What’s surprising and what’s next

Several surprises surface in the study. For one, the distribution of information across voices and turns is a potent predictor of success, sometimes more telling than total input length. For another, even models with enormous context windows can falter when the essential cues are not co-located in a single turn. That reframes what we should value in model design: not just longer memories, but smarter memory architectures that track dependencies across participants and rounds.

Beyond model architecture, the paper nudges us to rethink how we construct tool ecosystems. If a tool graph underpins multi-round logic, then future AI systems could benefit from explicit, human-readable representations of tool dependencies. This could enable better debugging, explainability, and even human oversight when the AI sequences complex steps across several tools. The authors’ approach—synthetic dialogues guided by a tool graph, enriched by personas, and validated by humans—also suggests a practical blueprint: test AI in scenarios that resemble the messy human world, not sanitized lab tasks.

There are limits, as the authors acknowledge. Long conversations still strain the available token budgets, and some tool-specific models struggle with JSON-format outputs or dynamic turn-taking when the orchestrator’s behavior isn’t perfectly predictable. Still, they’ve opened a path forward: broaden domain coverage, refine evaluation strategies beyond strict formatting, and experiment with orchestrator protocols that better mimic human conversation. The work is already public, with code and data available for researchers who want to push this frontier even further.
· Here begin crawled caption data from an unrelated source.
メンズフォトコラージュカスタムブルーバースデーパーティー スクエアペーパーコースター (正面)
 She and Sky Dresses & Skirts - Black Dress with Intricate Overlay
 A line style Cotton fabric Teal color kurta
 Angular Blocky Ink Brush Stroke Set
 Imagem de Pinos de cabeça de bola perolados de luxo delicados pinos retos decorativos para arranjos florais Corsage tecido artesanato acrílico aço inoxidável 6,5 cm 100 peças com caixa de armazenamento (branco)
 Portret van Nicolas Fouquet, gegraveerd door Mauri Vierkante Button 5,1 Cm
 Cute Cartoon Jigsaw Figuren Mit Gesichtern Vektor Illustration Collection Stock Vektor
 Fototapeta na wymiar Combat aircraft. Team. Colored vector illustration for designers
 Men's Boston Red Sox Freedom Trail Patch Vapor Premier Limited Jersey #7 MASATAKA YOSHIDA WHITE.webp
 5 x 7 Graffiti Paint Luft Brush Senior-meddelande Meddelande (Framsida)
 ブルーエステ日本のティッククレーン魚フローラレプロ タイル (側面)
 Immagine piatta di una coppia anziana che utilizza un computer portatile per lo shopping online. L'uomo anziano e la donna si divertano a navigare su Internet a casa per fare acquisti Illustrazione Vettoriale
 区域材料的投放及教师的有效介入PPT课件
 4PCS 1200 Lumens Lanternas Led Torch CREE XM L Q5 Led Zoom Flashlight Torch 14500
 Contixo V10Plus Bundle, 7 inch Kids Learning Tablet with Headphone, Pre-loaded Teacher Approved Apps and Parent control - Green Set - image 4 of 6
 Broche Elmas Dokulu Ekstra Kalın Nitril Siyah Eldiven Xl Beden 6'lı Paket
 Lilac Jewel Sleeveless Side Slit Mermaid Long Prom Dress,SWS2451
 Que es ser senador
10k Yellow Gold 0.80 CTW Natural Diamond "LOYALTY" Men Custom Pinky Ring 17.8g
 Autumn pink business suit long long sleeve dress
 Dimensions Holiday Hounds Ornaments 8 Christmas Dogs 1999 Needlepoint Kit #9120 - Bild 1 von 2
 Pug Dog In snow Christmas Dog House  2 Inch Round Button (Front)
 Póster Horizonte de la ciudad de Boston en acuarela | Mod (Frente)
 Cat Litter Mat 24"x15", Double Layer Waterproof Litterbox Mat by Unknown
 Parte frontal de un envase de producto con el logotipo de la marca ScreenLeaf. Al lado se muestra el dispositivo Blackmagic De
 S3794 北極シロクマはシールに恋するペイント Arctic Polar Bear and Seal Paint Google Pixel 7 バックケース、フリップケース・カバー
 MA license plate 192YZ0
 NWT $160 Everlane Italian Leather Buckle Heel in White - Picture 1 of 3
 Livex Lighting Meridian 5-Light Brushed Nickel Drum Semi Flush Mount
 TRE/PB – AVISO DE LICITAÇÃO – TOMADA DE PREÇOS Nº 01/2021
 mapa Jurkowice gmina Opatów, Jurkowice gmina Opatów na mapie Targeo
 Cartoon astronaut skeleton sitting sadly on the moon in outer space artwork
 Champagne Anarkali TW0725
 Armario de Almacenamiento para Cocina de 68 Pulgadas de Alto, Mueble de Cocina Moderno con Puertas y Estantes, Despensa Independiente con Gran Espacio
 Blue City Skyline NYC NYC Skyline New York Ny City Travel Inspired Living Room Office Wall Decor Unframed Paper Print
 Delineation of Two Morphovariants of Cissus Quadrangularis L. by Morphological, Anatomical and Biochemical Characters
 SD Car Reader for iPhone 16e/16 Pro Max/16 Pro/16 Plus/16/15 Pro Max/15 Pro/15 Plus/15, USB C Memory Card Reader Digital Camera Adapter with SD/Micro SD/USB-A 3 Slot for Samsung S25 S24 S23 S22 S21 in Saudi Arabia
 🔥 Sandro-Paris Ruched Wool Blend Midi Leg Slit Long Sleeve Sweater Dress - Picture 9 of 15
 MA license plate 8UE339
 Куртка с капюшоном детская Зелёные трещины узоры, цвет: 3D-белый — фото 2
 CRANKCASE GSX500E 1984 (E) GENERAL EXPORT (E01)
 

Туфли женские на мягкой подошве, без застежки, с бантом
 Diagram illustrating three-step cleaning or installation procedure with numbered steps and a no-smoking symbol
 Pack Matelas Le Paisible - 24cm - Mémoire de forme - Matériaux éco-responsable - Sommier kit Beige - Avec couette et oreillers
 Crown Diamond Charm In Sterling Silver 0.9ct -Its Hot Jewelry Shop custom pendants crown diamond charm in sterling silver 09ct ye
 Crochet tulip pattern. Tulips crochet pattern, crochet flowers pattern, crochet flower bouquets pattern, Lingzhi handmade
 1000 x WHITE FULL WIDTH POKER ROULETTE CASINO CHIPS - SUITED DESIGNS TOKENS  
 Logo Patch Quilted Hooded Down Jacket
In a sense, DICE-BENCH frames a new challenge for AI designers: build systems that aren’t just clever at one-shot prompts or isolated API calls, but that can weave together ideas, voices, and dependencies into coherent, reliable actions after many turns. The researchers at Seoul National University, along with their collaborators, have given the field a map for that journey and a compass to gauge progress as we chart uncharted conversational territory.

The big takeaway is that realism in AI tool use isn’t a one-turn problem; it’s a choreography problem. If your assistant can learn to listen across a group, track what each speaker implies, and plan a sequence of interdependent tool calls, it will feel less like a calculator and more like a capable teammate. DICE-BENCH shows us where the choreography fails today and, more importantly, where it can begin to succeed tomorrow.